2) O princípio constitucional da igualdade entre os cônjuges no novo Código Civil
A consagração da igualdade entre os cônjuges é indispensável para que se garanta o cumprimento do princípio fundamental da preservação da dignidade da pessoa humana.

Embora nossas Constituições sempre tenham reconhecido o princípio de que a lei deve ser igual para todos (a Constituição de 1824, art. 179, XIII, estabelecia que "a lei será igual para todos, quer proteja e quer castigue..."; a Constituição de 1891, art. 72, §2º, também dispôs que "todos são iguais perante a lei ..."; a Constituição de 1934, art. 113, §1º, estatuiu que "não haverá privilégios, nem distinções, por motivo de sexo ..."; as Constituições de 1937 e 1946, arts. 122, §1º e 141, §1º, respectivamente, dispuseram que "todos são iguais perante a lei ..."; a Constituição de 1967, art. 150, §1º, ditou que "todos são iguais perante a lei, sem distinção de sexo...", princípio que foi confirmado pela Emenda nº 01, de 1969, art. 153, §1º), a legislação ordinária, por longos anos, estabeleceu regras marcadas pela desigualdade entre os cônjuges (vide Luiz Edson Fachin, "Elementos Críticos do Direito de Família: Curso de Direito Civil", Rio de Janeiro: Renovar, 1999, pág. 15).

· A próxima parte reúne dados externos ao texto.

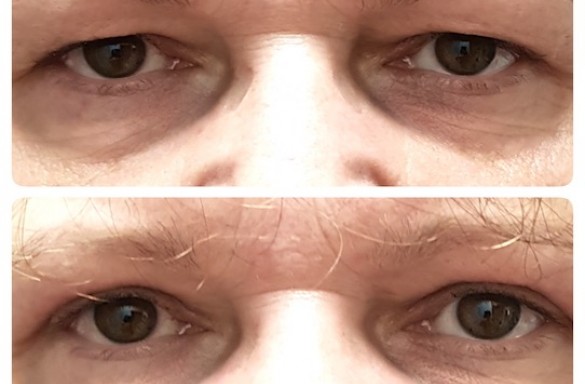 Plastika horních víček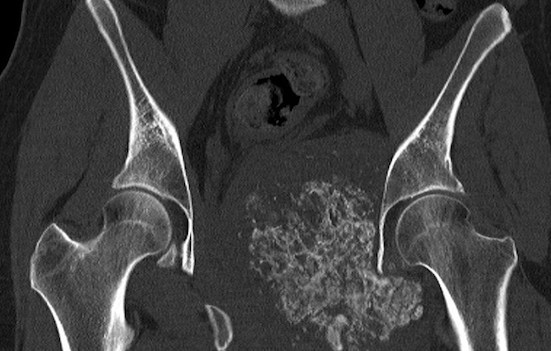 Musculoskeletal CT scans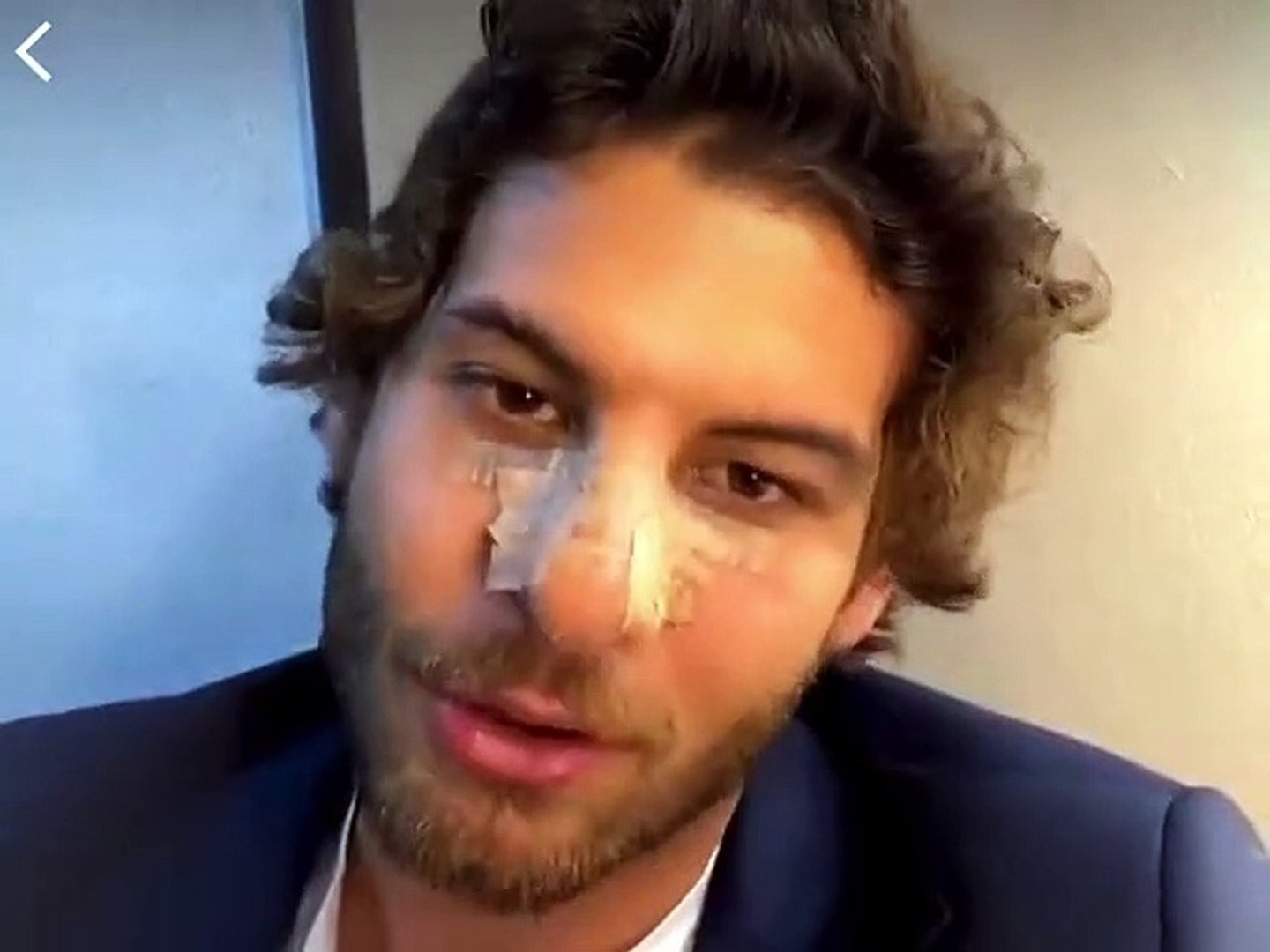 Fox TV'nin dizisindeki kavga sahnesinde oyuncunun burnu kırıldı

A lei nº 4.121, de 27 de agosto de 1962, chamada "Estatuto da Mulher Casada", iniciou o movimento legislativo de equiparação entre o homem e a mulher no casamento, aliviando as desigualdades, sem, no entanto, tê-las suprimido completamente. Ao marido continuou a caber a chefia da sociedade conjugal, embora devesse exercê-la com a colaboração da mulher (art. 233, caput, do Código Civil de 1916), e, conseqüentemente, permaneceram na legislação ordinária os poderes do marido na representação da família, na administração de bens, na fixação do domicílio conjugal e seu dever de manter a família (art. 233, incisos I a IV, do Código Civil de 1916). A mulher adquiriu a titularidade do pátrio poder, que antes era exclusivamente do marido, mas seu exercício continuou a caber ao pai, sendo a mãe apenas colaboradora neste mister (art. 380, caput e parágrafo único, do Código Civil de 1916).

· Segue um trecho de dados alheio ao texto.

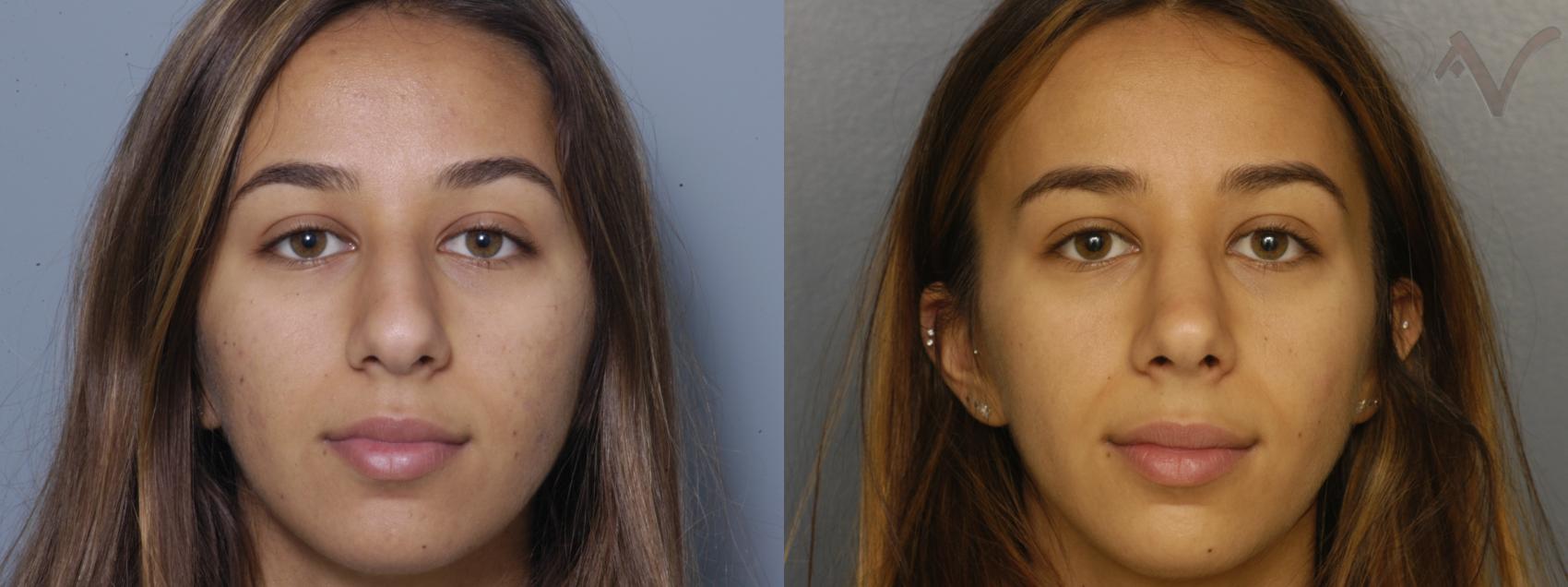 Before & After Rhinoplasty Case 430 Front View in Los Angeles, CA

Verifica-se, assim, a relevância da Constituição de 1988 que, além dos princípios gerais de que "todos são iguais perante a lei, sem distinção de qualquer natureza ..." e que "homens e mulheres são iguais em direitos e obrigações...", estatuídos no art. 5º, caput e inciso I, estabeleceu, expressamente, no art. 226, §5º, que "os direitos e deveres referentes à sociedade conjugal são exercidos igualmente pelo homem e pela mulher".

No entanto, passados vários anos da promulgação da Constituição da República, as disparidades ainda constavam da legislação ordinária, sem as alterações necessárias, criando perplexidades e a necessidade de interpretações constantes sobre a auto-aplicabilidade do princípio constitucional em tela (vide Regina Beatriz Tavares da Silva Papa dos Santos, "Reparação Civil na Separação e no Divórcio", São Paulo: Saraiva, 1999, págs. 64 a 70).

O novo Código Civil está adequado ao princípio constitucional da absoluta igualdade de direitos e deveres entre os cônjuges, com a conseqüente preservação da dignidade das pessoas casadas, consoante prevê seu art. 1.511: "O casamento estabelece comunhão plena de vida, com base na igualdade de direitos e deveres dos cônjuges" (art. 1.511).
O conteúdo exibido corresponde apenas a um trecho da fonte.